*Task*
Omit the pictures and copy the entries exactly.

(Saved entries)
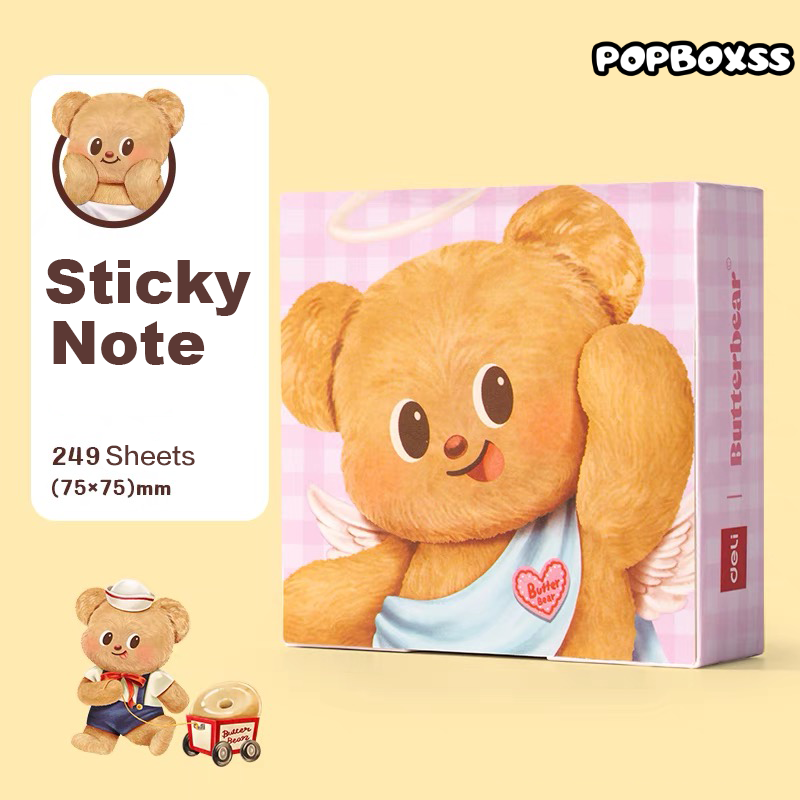 Butterbear Stationery Sticky note (249 Sheets) - POPBOXSS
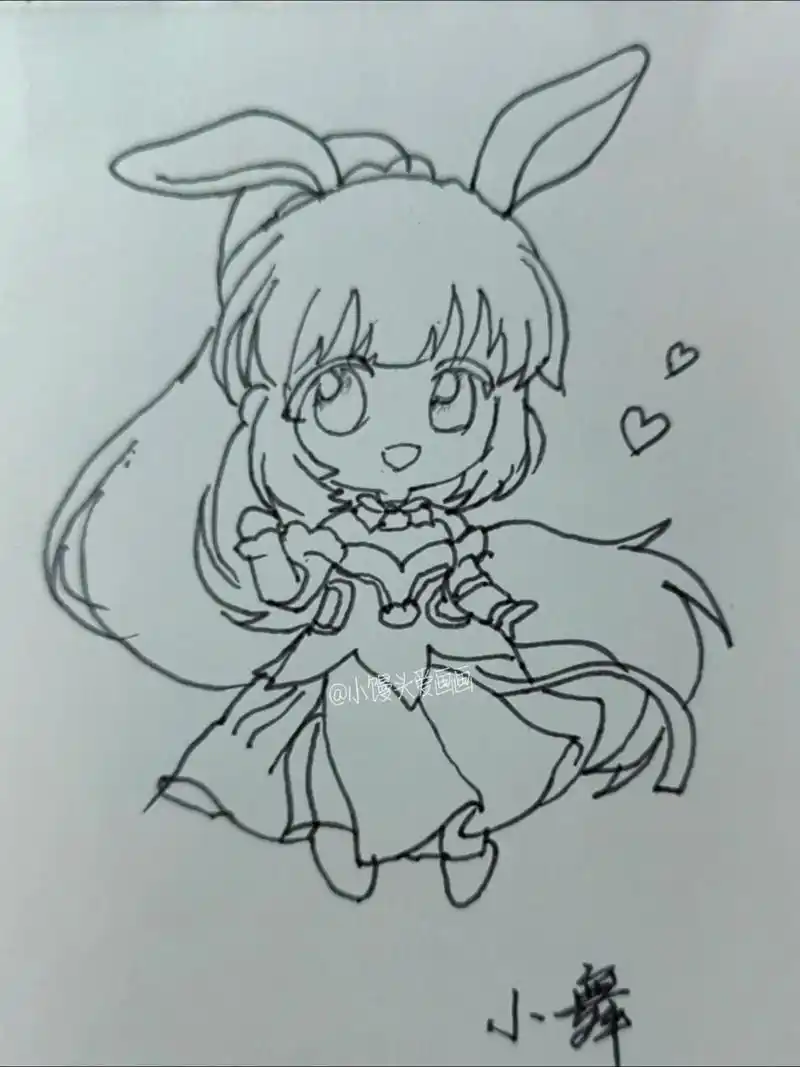 小舞 小舞#简笔画 #一起学画画 #马克笔手绘 #漫画女孩 - 抖音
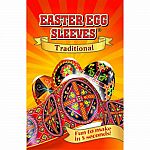 Easter Egg Sleeves: Traditional, Religous - Assorted.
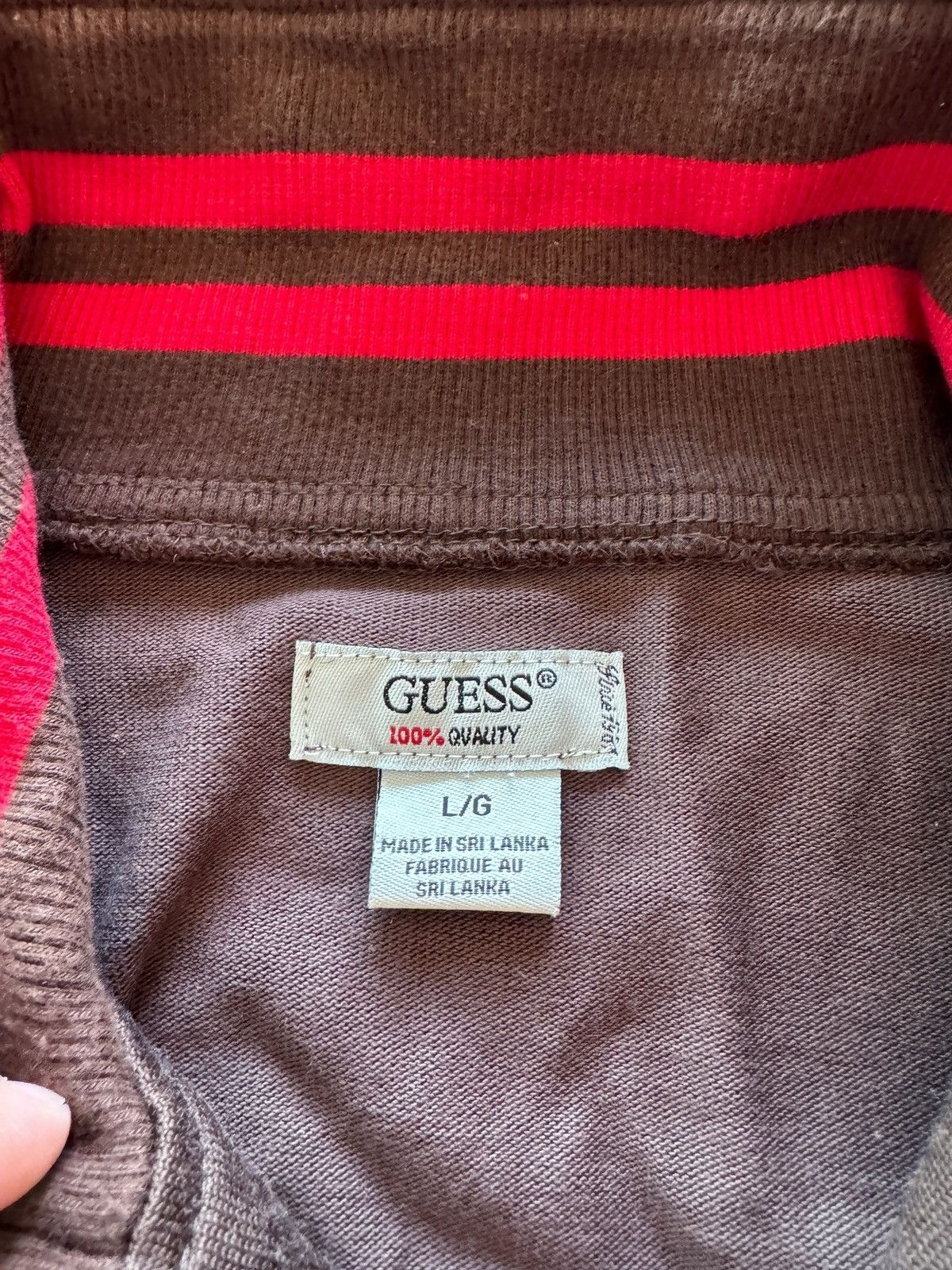 Guess Guess Mocha Brown Zip Up Embroidered Authentic Jacket Size L / US 10 / IT 46 - 3 Thumbnail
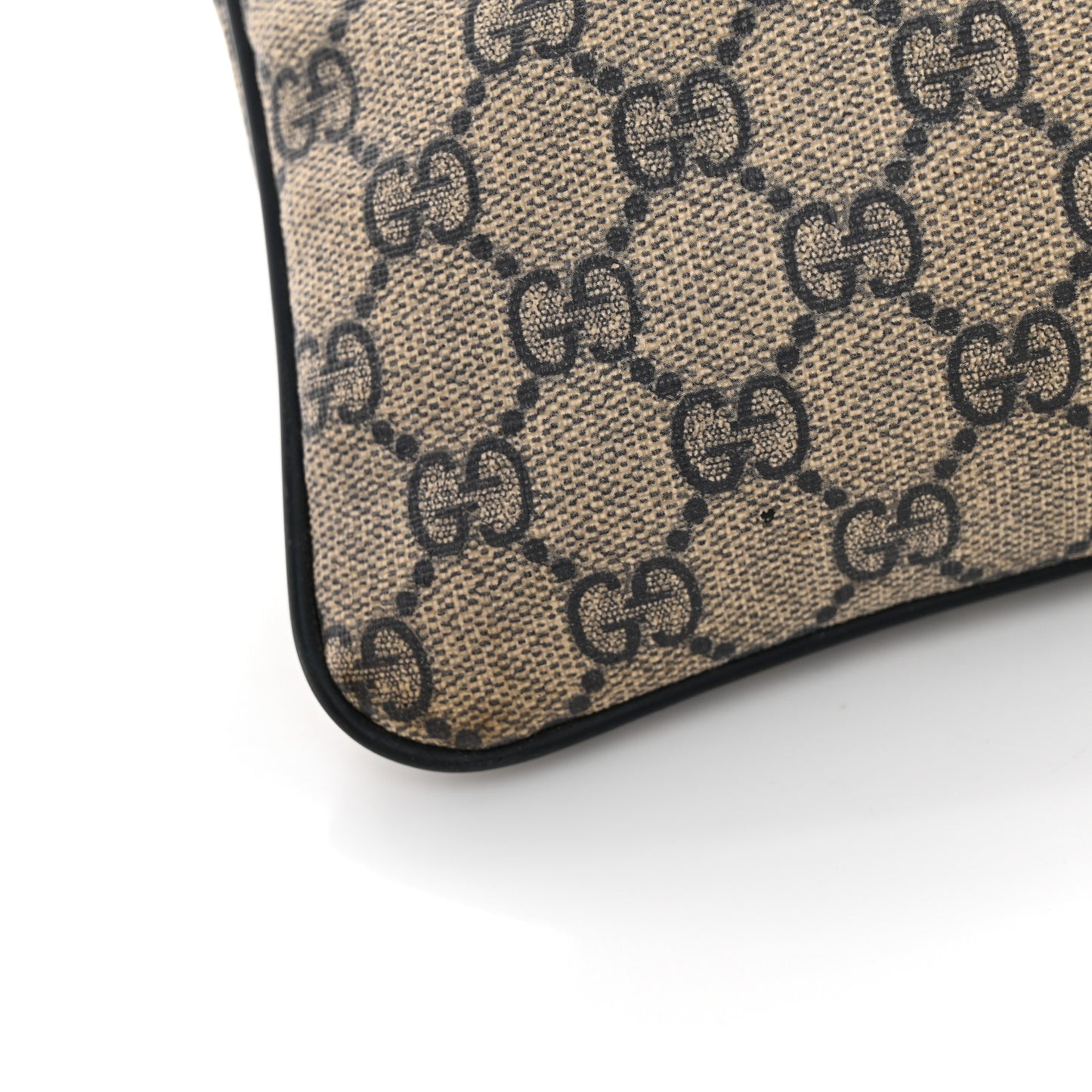 GG Plus Monogram Large Flat Messenger Bag Beige Blue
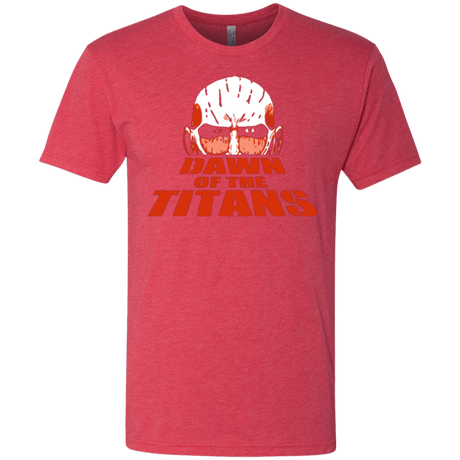 T-Shirts Vintage Red / Small Dawn of the Titans Men's Triblend T-Shirt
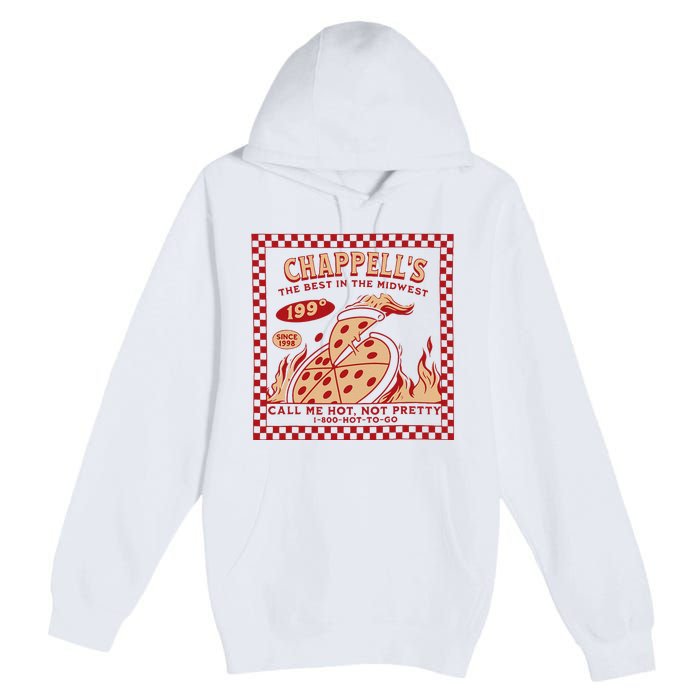 Chappell The Midwest Call Me Hot Retro Pizza Hot To Go Gift Premium Pullover Hoodie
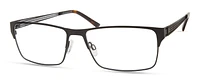 Phat Farm Lunettes De Vue Pour Hommes, Hv705, Noir, 57-16-150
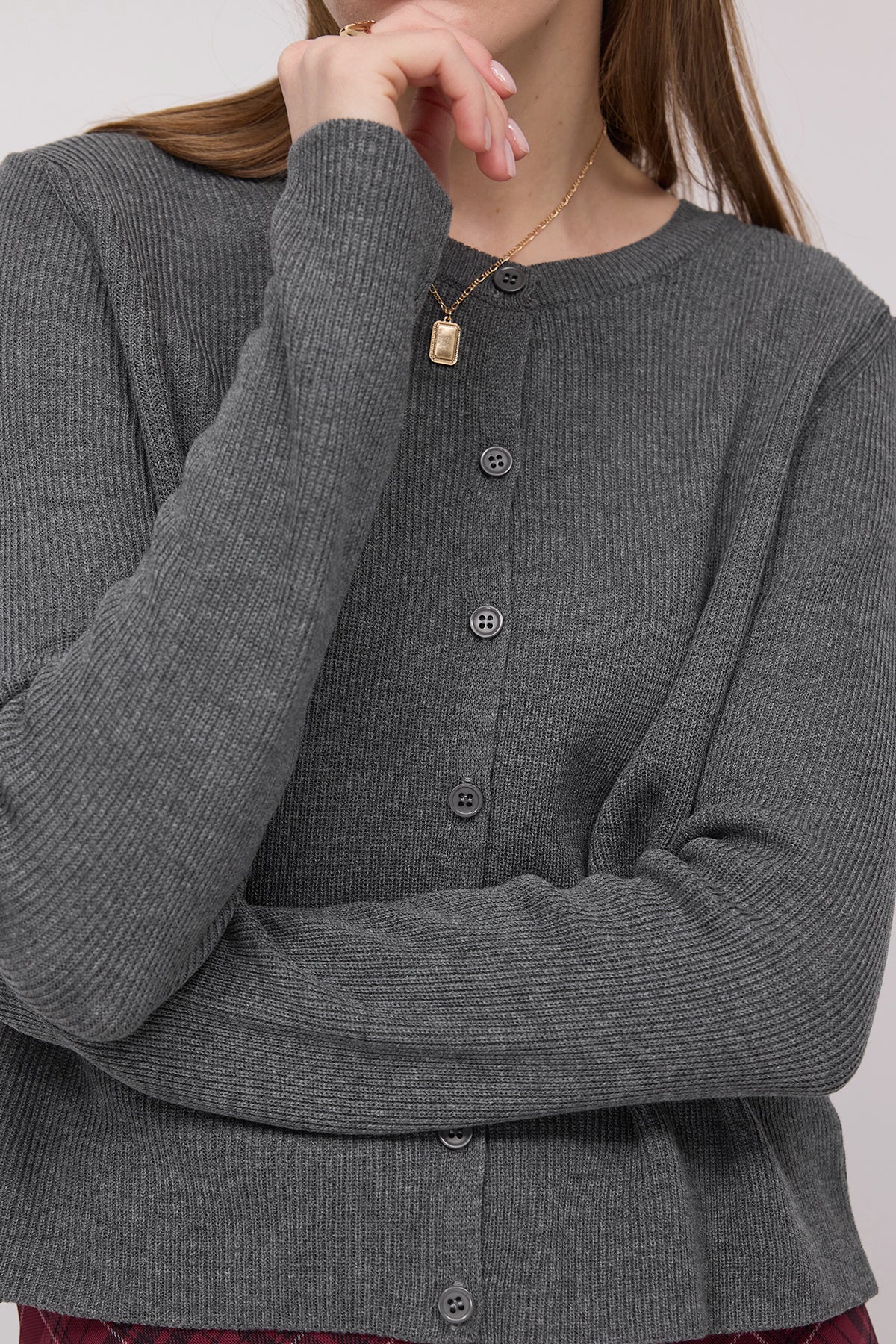 Charcoal_Buttoned-Knitwear-Cardigan-addax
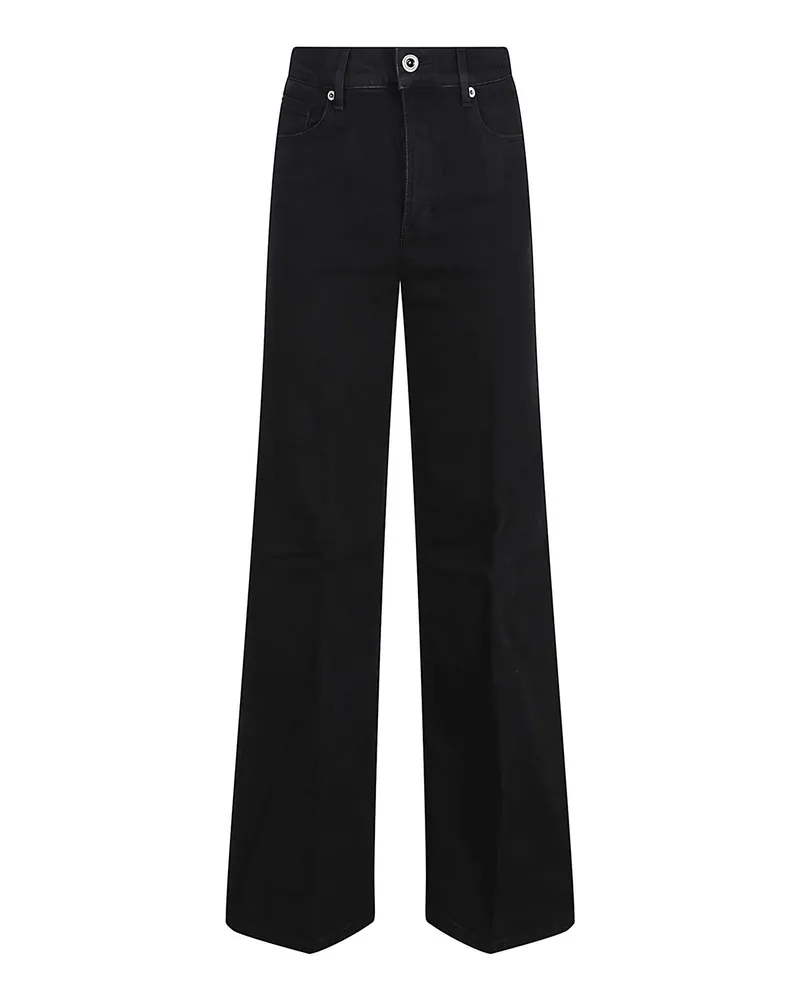 Self-Portrait Bootcut Jeans - Schwarz Schwarz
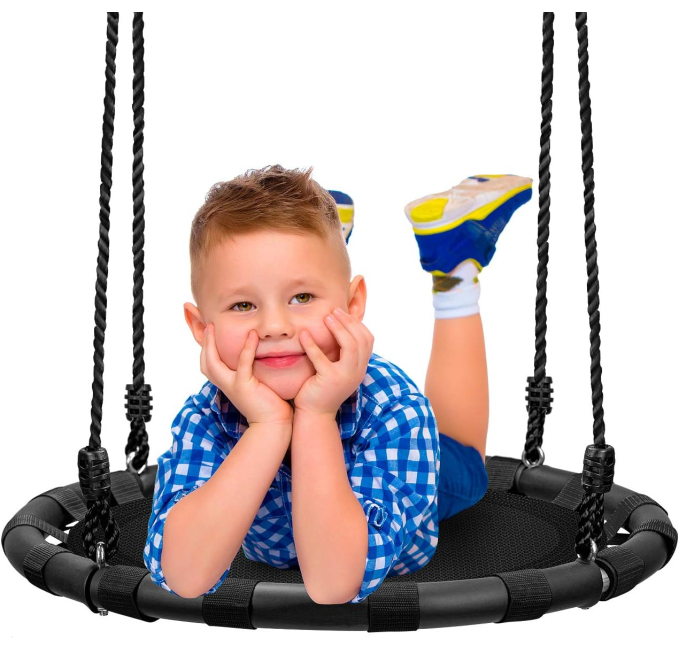 Sorbus Saucer Tree Swing for Kids 24" Heavy Duty 220lbs Toys Circuit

*Solved exercise*
 Butterbear Stationery Sticky note (249 Sheets) - POPBOXSS
 小舞 小舞#简笔画 #一起学画画 #马克笔手绘 #漫画女孩 - 抖音
 Easter Egg Sleeves: Traditional, Religous - Assorted.
 Guess Guess Mocha Brown Zip Up Embroidered Authentic Jacket Size L / US 10 / IT 46 - 3 Thumbnail
 GG Plus Monogram Large Flat Messenger Bag Beige Blue
 T-Shirts Vintage Red / Small Dawn of the Titans Men's Triblend T-Shirt
 Chappell The Midwest Call Me Hot Retro Pizza Hot To Go Gift Premium Pullover Hoodie
 Phat Farm Lunettes De Vue Pour Hommes, Hv705, Noir, 57-16-150
 Charcoal_Buttoned-Knitwear-Cardigan-addax
 Self-Portrait Bootcut Jeans - Schwarz Schwarz
 Sorbus Saucer Tree Swing for Kids 24" Heavy Duty 220lbs Toys Circuit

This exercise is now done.